Team members can reference past decisions and frameworks. Similar situation? Check how it was handled before. You review asynchronously, not synchronously.

Who this is for

Stage

Any stage where you have a team that needs decisions from you. Solo founders don't have this problem—yet.

Situation

Your calendar is full of "quick questions." Teams are blocked waiting for you. Strategic work keeps getting pushed.

Mindset

You want to delegate but struggle to let go. You need confidence that decisions will be made well without you.

Signs you're the bottleneck

"Can I get 5 minutes?" is your most-heard phrase

Your inbox has 50+ messages needing your input

Projects stall when you're traveling or sick

You know how decisions should be made but can't articulate it

Strategic thinking only happens on weekends or late nights

You've hired good people but still make most decisions

Frequently asked questions

How does Board of One help me delegate decisions?

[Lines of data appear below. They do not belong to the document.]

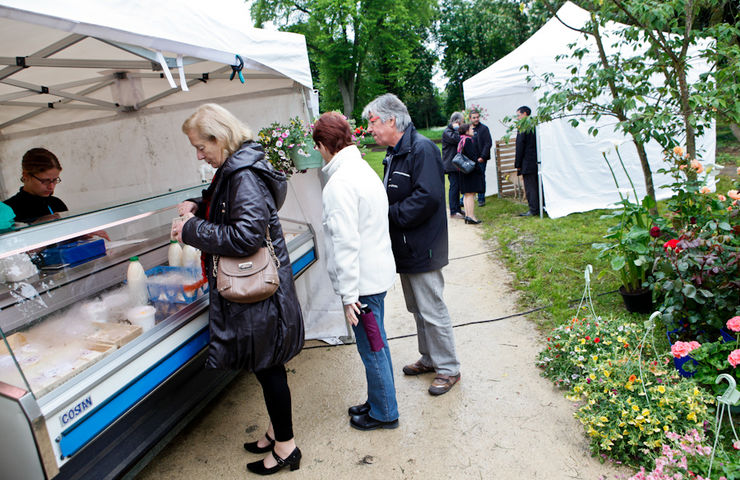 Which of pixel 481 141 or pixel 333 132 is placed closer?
pixel 333 132

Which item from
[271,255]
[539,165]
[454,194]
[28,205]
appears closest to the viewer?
[271,255]

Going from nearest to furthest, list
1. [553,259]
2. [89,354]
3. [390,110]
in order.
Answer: [89,354] < [390,110] < [553,259]

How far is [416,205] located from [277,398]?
1.28 meters

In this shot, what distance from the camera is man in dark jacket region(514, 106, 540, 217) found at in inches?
283

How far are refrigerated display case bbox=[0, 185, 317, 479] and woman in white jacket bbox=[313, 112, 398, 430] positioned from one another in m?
0.85

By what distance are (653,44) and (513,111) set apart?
5.77 metres

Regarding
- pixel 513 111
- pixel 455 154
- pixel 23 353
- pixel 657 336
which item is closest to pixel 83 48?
pixel 23 353

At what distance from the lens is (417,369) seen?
3348 mm

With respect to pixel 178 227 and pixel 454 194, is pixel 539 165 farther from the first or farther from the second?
pixel 178 227

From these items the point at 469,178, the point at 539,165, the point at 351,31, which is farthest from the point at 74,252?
the point at 351,31

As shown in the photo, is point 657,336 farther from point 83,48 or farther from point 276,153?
point 83,48

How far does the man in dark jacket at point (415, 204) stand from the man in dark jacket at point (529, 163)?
15.7 feet

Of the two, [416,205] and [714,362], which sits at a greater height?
[416,205]

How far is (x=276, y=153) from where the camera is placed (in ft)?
11.5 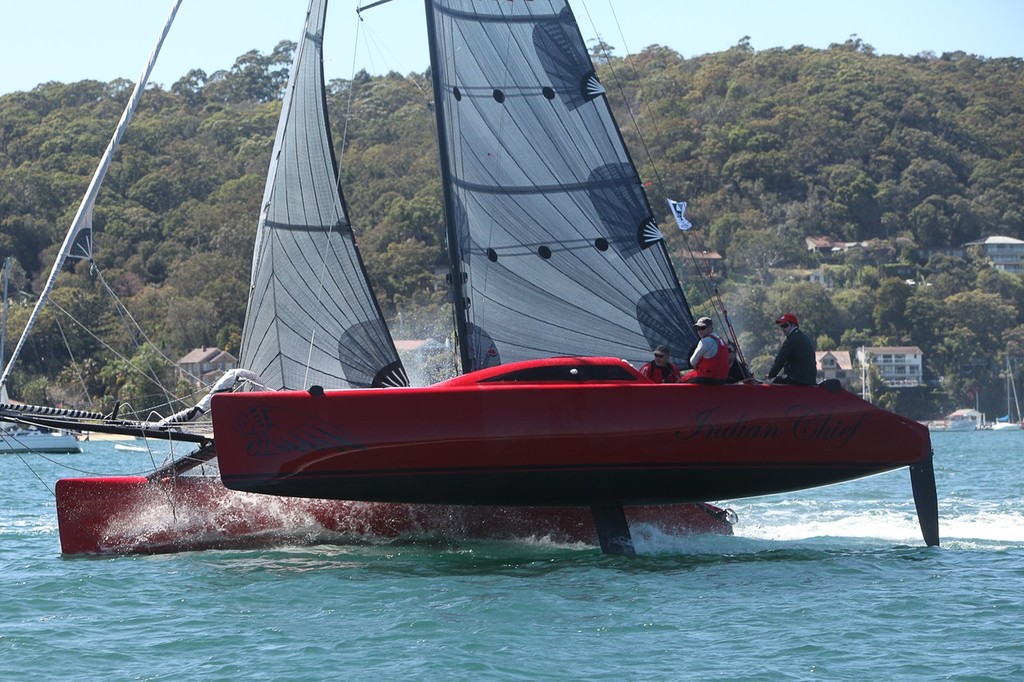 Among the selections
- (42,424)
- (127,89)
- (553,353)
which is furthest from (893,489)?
(127,89)

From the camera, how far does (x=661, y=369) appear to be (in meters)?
11.8

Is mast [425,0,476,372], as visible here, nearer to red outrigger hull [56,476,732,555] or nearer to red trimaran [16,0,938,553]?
red trimaran [16,0,938,553]

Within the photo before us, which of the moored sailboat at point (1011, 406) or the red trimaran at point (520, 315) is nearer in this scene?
the red trimaran at point (520, 315)

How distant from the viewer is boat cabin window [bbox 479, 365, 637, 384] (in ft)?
35.6

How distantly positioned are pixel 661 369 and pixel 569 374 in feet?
3.90

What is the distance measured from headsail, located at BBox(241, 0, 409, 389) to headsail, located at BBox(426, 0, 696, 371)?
933 mm

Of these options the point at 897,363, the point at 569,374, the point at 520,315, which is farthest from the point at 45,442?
the point at 897,363

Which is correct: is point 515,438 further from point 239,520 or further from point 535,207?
point 239,520

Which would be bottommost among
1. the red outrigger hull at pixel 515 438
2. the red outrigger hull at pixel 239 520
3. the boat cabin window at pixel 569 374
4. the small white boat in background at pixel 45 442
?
the small white boat in background at pixel 45 442

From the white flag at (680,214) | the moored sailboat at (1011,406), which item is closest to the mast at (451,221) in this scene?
the white flag at (680,214)

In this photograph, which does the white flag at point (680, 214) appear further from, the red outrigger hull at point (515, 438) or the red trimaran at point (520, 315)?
the red outrigger hull at point (515, 438)

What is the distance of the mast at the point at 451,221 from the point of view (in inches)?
482

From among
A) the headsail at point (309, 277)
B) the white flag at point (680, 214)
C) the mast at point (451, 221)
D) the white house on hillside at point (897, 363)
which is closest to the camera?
the mast at point (451, 221)

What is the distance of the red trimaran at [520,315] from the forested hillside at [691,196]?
127ft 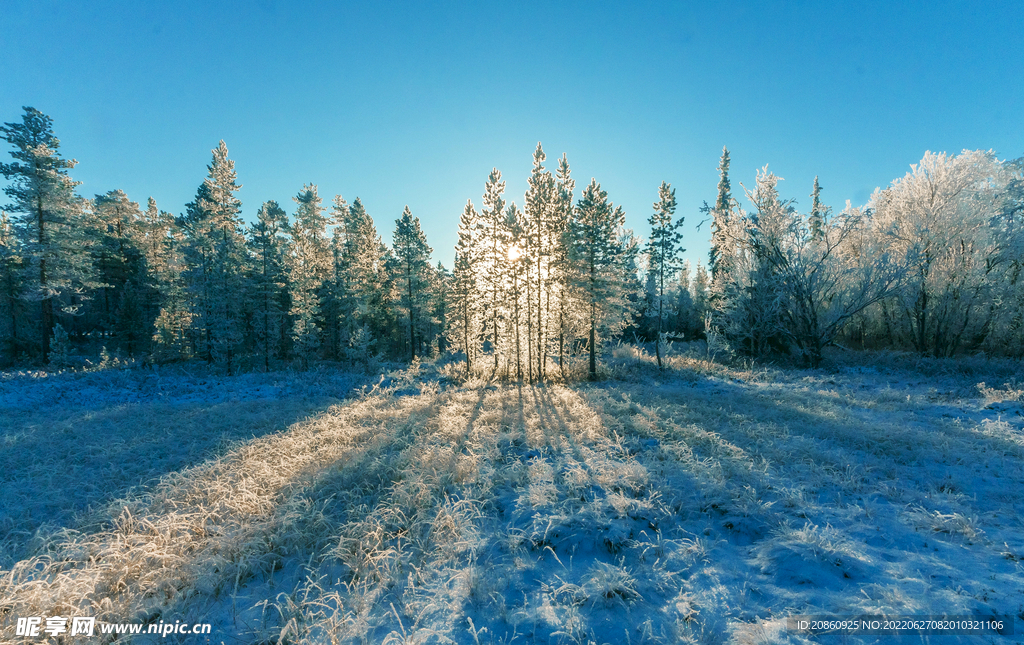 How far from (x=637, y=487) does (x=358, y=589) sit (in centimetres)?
385

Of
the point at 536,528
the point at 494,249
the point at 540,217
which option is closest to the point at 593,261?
the point at 540,217

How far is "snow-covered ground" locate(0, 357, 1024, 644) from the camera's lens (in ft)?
10.3

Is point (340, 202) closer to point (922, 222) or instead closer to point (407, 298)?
point (407, 298)

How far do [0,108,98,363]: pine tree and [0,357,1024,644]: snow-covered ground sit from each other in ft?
69.4

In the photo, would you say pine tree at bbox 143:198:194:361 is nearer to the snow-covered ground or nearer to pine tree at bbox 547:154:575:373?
the snow-covered ground

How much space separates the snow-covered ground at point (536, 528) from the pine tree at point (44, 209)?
2114 cm

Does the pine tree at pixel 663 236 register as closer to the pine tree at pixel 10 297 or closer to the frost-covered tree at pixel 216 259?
the frost-covered tree at pixel 216 259

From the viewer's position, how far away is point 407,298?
34.3 metres

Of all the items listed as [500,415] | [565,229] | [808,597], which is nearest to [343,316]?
[565,229]

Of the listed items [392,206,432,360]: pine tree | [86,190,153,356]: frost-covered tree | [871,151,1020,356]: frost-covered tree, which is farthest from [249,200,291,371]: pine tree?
[871,151,1020,356]: frost-covered tree

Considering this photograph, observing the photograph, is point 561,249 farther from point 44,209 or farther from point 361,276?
point 44,209

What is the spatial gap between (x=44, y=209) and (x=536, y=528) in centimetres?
3552

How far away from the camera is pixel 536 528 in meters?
4.45

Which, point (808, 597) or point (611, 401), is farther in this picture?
point (611, 401) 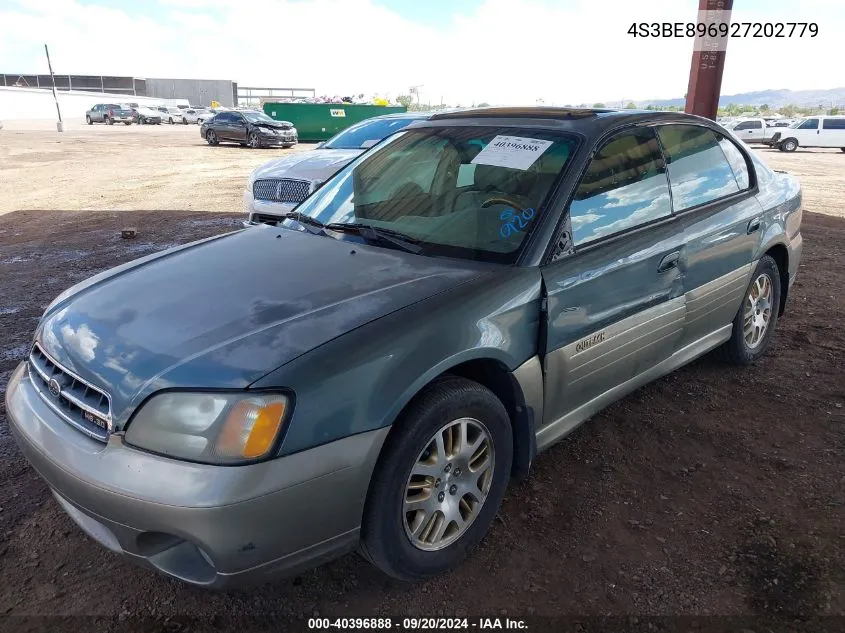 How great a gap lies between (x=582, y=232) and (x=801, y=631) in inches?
64.1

By making your decision-making process explicit and documented. When you deliberate on a decision, Board of One captures the frameworks, criteria, and reasoning you use. These become reusable templates. Instead of someone asking "what would the founder do?", they can reference documented decision logic and make the call themselves.

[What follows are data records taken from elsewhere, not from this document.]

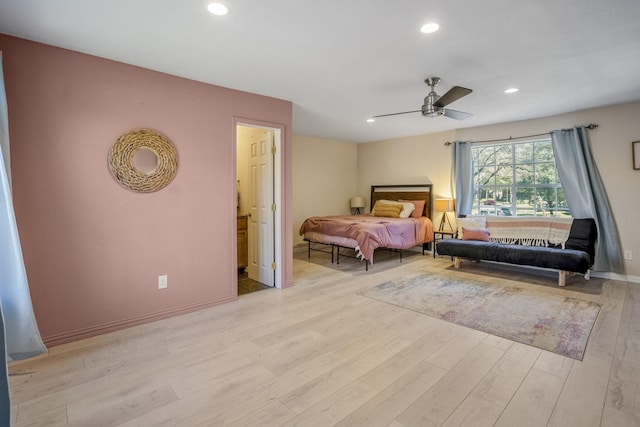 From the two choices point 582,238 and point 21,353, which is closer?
point 21,353

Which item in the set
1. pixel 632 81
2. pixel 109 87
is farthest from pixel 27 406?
A: pixel 632 81

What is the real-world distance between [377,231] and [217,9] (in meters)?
3.71

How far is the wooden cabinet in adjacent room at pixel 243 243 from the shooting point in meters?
4.74

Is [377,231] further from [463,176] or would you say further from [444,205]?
[463,176]

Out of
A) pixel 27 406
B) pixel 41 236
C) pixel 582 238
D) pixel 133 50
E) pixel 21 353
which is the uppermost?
pixel 133 50

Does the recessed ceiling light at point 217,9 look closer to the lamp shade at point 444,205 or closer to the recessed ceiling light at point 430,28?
the recessed ceiling light at point 430,28

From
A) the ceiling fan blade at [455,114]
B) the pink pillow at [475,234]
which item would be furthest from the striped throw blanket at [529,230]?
the ceiling fan blade at [455,114]

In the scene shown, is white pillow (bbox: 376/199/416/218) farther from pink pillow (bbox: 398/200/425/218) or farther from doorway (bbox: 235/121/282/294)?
doorway (bbox: 235/121/282/294)

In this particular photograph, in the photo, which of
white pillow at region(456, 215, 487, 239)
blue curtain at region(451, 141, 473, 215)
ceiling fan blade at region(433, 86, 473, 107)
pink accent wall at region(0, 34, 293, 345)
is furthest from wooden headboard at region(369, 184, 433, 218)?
pink accent wall at region(0, 34, 293, 345)

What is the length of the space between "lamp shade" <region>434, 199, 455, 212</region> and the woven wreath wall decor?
4665mm

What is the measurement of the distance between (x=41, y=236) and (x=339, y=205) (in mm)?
5773

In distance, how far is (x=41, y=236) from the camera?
8.23 feet

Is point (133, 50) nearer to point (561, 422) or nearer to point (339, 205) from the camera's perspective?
point (561, 422)

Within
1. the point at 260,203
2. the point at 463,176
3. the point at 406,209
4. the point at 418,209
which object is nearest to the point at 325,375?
the point at 260,203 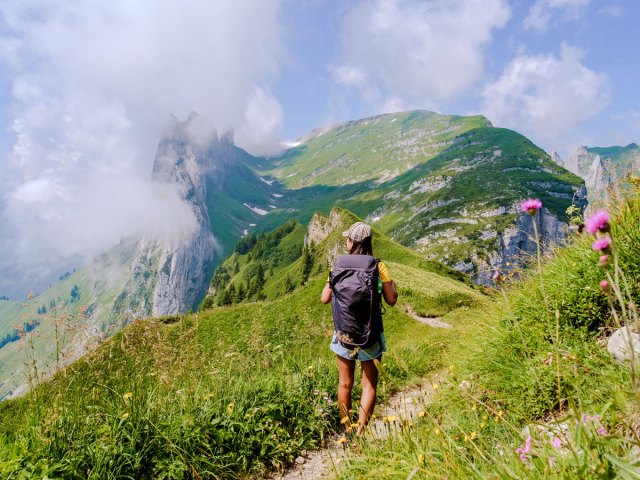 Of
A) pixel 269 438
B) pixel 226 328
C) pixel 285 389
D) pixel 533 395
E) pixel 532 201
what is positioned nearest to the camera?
pixel 532 201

What if I make different decisions than the system suggests?

That's valuable data. When you override a recommendation, you're teaching the system (and yourself) about implicit criteria that weren't captured. Over time, this surfaces your actual decision-making patterns—often revealing logic you didn't consciously articulate. The goal isn't to replace your judgment, but to externalize and scale it.

I'm afraid of losing control by delegating

The bottleneck usually isn't about control—it's about trust and information asymmetry. When decisions are documented with clear reasoning, you can review them asynchronously instead of being involved synchronously. You maintain oversight without being the blocker. And when something goes wrong, you have documentation to learn from.

Won't this just create more work documenting everything?

Board of One does the documentation automatically during the deliberation process. You think through the decision as you normally would, but the output is structured and searchable. The documentation is a byproduct of decision-making, not extra work. And the time saved by not being consulted on every similar decision far exceeds the time invested.

What kinds of decisions can be "delegated" this way?

Start with decisions that are frequent, have clear criteria, and where the downside of a suboptimal choice is manageable. Pricing exceptions, feature prioritization within guidelines, vendor selection under a threshold, hiring for defined roles. Keep strategic bets and high-stakes irreversible decisions with yourself—but those are rarer than you think.

How long until I see the bottleneck improve?

You'll feel it within a few weeks. The first time someone makes a decision by referencing a previous deliberation instead of scheduling a meeting with you—that's the moment. The compounding effect comes over months as your decision library grows and patterns emerge. Most founders report reclaiming 5-10 hours per week within the first month.